Winter is here again which means the physical work on the cabin is dormant, along with the land. That doesn’t mean the inspiration and research stops though. I’d like to share some of my recent inspirations with you quickly.
If you have any favorite permaculture books, videos or podcasts, please share them in the comments. I’d love to hear from you.
1% For The Planet
Inspired by my partner, I joined 1% For The Planet as an individual member this year. You may have heard of companies like Patagonia, Sunski, Jones Snowboards, and Kleen Kanteen pledging to donate one percent of their profits to environmental issues. You might see a little 1% sticker on their products sometimes. That’s all done through this organization.
An individual member takes the same pledge. I can donate any combination of money and volunteer time. So I’ll donate 1% of my income to organizations I believe in and my time as a volunteer this spring and summer.
This summer I plan to volunteer doing trailbuilding, which is a skill I’ve wanted to learn so I can build quality trails throughout my land. I found Colorado Mountain Club and the Continential Divide Trail Coalition which both work in my area of Colorado.
You can search for non-profits in the 1%FTP official directory and volunteer, even without becoming a member. Consider joining if you want to make a small impact in this crazy world though.
Spirit of the Peaks
Speaking of POW and the Lakota People’s Law Project, this movie has finally been released online! I’ve tried to catch a screening in person for the past year and now you can finally watch it on an internet near you.
This film features Connor Ryan, a Lakota professional skier from Boulder. He tells his story of naviating his culture, finding his roots and approaching the mountains in a good way. He wrote and co-directed the film and it is beautiful.

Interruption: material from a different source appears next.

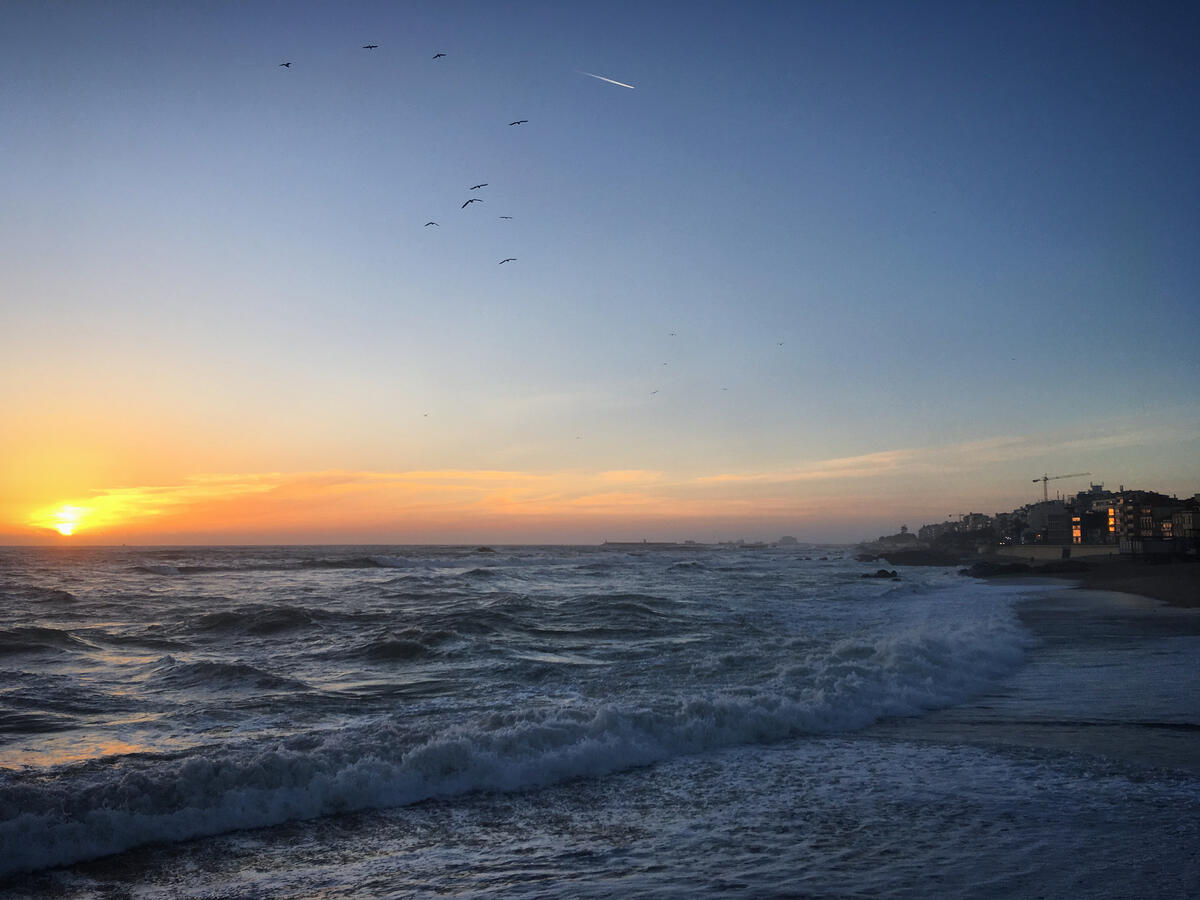 Закат солнца на побережье океана с птицами летающими в небе
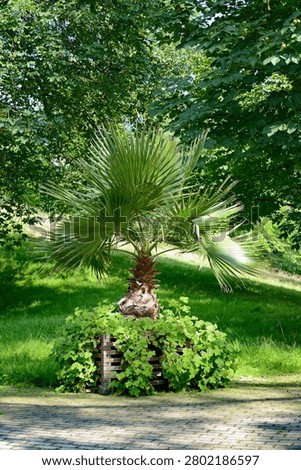 A small decorative windmill palm tree grows in a rustic wooden planter box. This beautiful exotic plant is placed on a paved alleyway within a lush summer public park setting.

Check it out if you’ve ever wondered how to be a good steward to the indigenous lands we are all guests on, have wanted to approach outdoor activities the right way or just love ski films with epic shots of deep backcountry powder.
Reading the Forested Landscape
Imagine reading land like a page in a book. This well-illustrated story shares a bunch of meticulously researched patterns to look for while walking in the woods. It teaches you the skills to weave those patterns into a historical narritive.
You don’t have to live in New England to make use of this wisdom. Patterns like the presense of stumps, stone walls and divits can help logically build an understanding of the history of the land.
My land has stone walls around it’s permiter and other hints that are constantly forming my understanding if its history. The tools in this book are instrumental in building that story.
If you can’t find a copy, I recently found a Youtube series of him walking around the woods of New Hampshire and sharing his knowledge. It’s truly remarkable to see him walk across a bump in the ground and conclude that this land used to be intensive crops, was hit by a major storm in the 1930s and turned into pasture before being abandoned in the 1980s. 🤯
Zip Lines & Tree Forts
OK, at the very bottom of my list of priorities, we’ve got tree forts and zip lines. I was inspired by watching this video from a series I enjoy that shows off alternative homes and lifestyles.
Besides an amazing treehouse with a bike elevator and a netted sleeping loft, this guy built a two-way zip line system off his patio, down the hill and then back to his patio. The video should link to it but it starts at 32:50 if you don’t want to watch the whole thing.
It got me searching how to build a zip line and plotting how I could add it off my own future patio, down the big hill. It could even connect multiple tree forts across the middle layer of woods.
I mocked up this childhood-dream-come-true! The zip line could go from the cabin into a garden observatory platform. Then it connects to a hidden tree fort deeper in the woods. You can also get to the tree fort by dropping off the zip line between the orchard and the cabin. It’s highlighted in orange there. Pure dreams.
I hope you enjoyed at least one of these resources. If you’ve got anything to share, please let me know in the comments!